Dr Deirdre Murray is looking for molecular clues to identify when a newborn’s brain has suffered early injury. She spoke to Claire O’Connell.
The cells in our bodies need oxygen, and brain cells are particularly hungry for it. But sometimes during labour and delivery a baby’s brain can experience a lack of oxygen, and in severe cases it can result in brain injury with later cerebral palsy or even death. Health Research Board clinician scientist Dr Deirdre Murray is tracking down better ways to predict which babies are likely to have been injured so they can be fast-tracked for interventions, such as cooling.
“In the developed world about 20 babies per 1,000 will be under some form of stress before they are born and they will need resuscitation,” explains Murray, who is also a consultant paediatrician and senior lecturer at the Department of Paediatrics and Child Health in University College Cork (UCC). “Out of those 20 babies about three or four will have some form of encephalopathy, where the brain cells haven’t had enough oxygen and the brain swells with cell death. In moderate cases this can lead to seizures, and in severe cases the outcome is very poor – half are likely to die and the other half will be left with cerebral palsy.”
Cool therapy
Cooling babies shortly after birth may help to protect the brain, but it’s easier said than done to know exactly which babies are in need of that treatment, explains Murray.
“It’s very difficult to predict which babies are under pressure or are undergoing perinatal asphyxia, which means there is a lack of oxygen or blood supply,” she says. “We need a marker that can tell us within the first few hours of life whether there has been significant injury.”
She and colleagues at the Health Research Board (HRB) Discovery Centre in Cork and the Karolinska Institute in Sweden are analysing umbilical cord blood as part of the HRB-funded BIHIVE study in the hope of discovering easy-to-find signals of such distress.

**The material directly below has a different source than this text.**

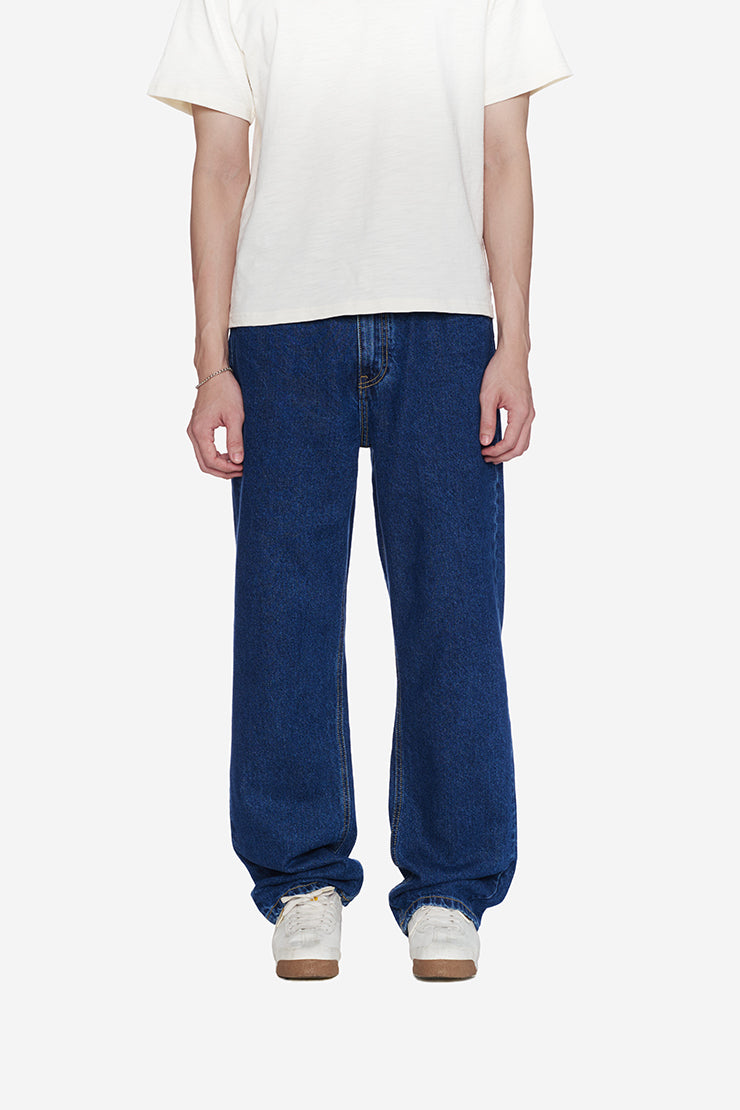 MEN'S BASIC WIDE DENIM PANTS - Dark Blue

By analysing cord-blood samples collected from births where babies needed resuscitation, the researchers have already found many of the known adult markers of disease simply don’t show up fast enough to be measured in time, explains Murray.
“For the cooling to be effective, you need to start it within six hours of the birth, and even earlier is better,” she says. “And the markers we would normally associate with adult brain injury haven’t changed in that time frame.”

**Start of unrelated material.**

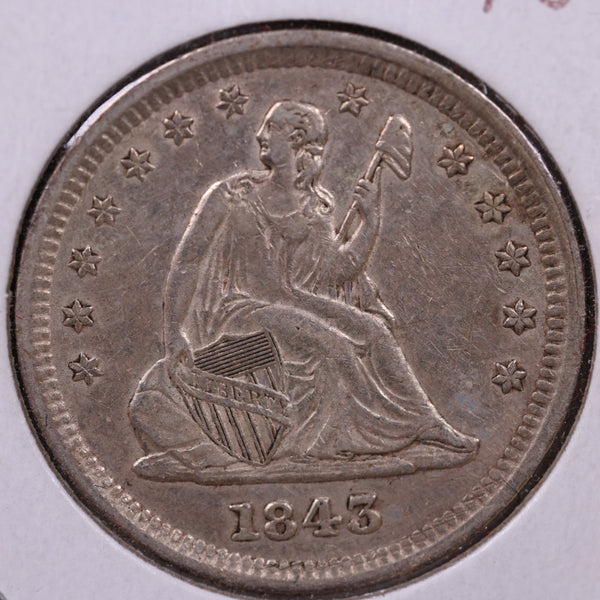 1843 Seated Liberty Quarter., About Uncirculated Coin., Store#1058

But by profiling the ‘metabolome’ of the cord blood, they can see interesting signatures of particular molecules. They are also looking at novel markers, including microRNAs, that help to control how cells work by fine-tuning gene expression.
Rapid test
Murray, who studied medicine at UCC and specialised in paediatrics in the UK and Australia before returning to UCC, is continuing to refine the search for useful signatures of molecules in the cord blood. The aim is to develop a rapid test where a sample drawn from the cord could help clinicians decide when a baby needs to be cooled or undergo some other brain-protecting therapy.

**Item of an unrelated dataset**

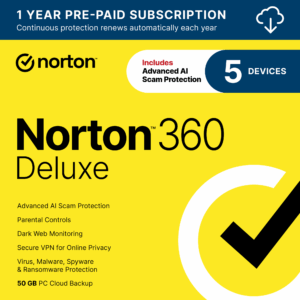Norton 360 Deluxe – 5 Devices, 1‑Year Subscription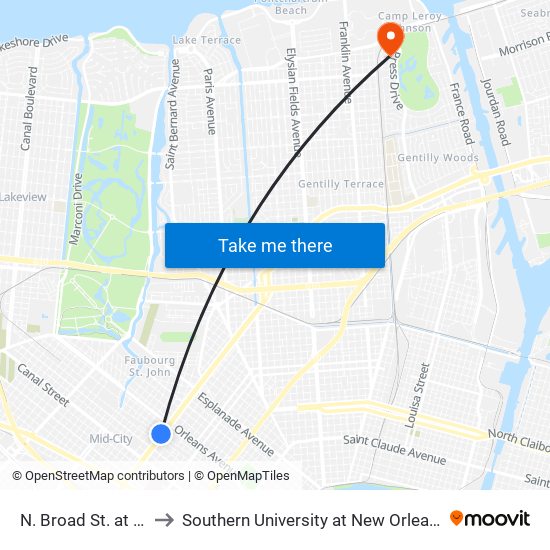 N. Broad St. at Lafitte St. to Southern University at New Orleans - Park Campus map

“We would hope that in a few years’ time we would have a validated marker or suite of markers that can be measured in the labour ward a few minutes after the babies being born and you would have a result back straight away,” says Murray, who is also a researcher with the recently launched Science Foundation Ireland-funded Irish Centre for Fetal and Neonatal Translational (INFANT) Research Centre. “At the moment we know about cooling, but there’s a lot of research being done around the world on other neuroprotective therapies, too, and they are also likely to work better the earlier you start them following the injury.”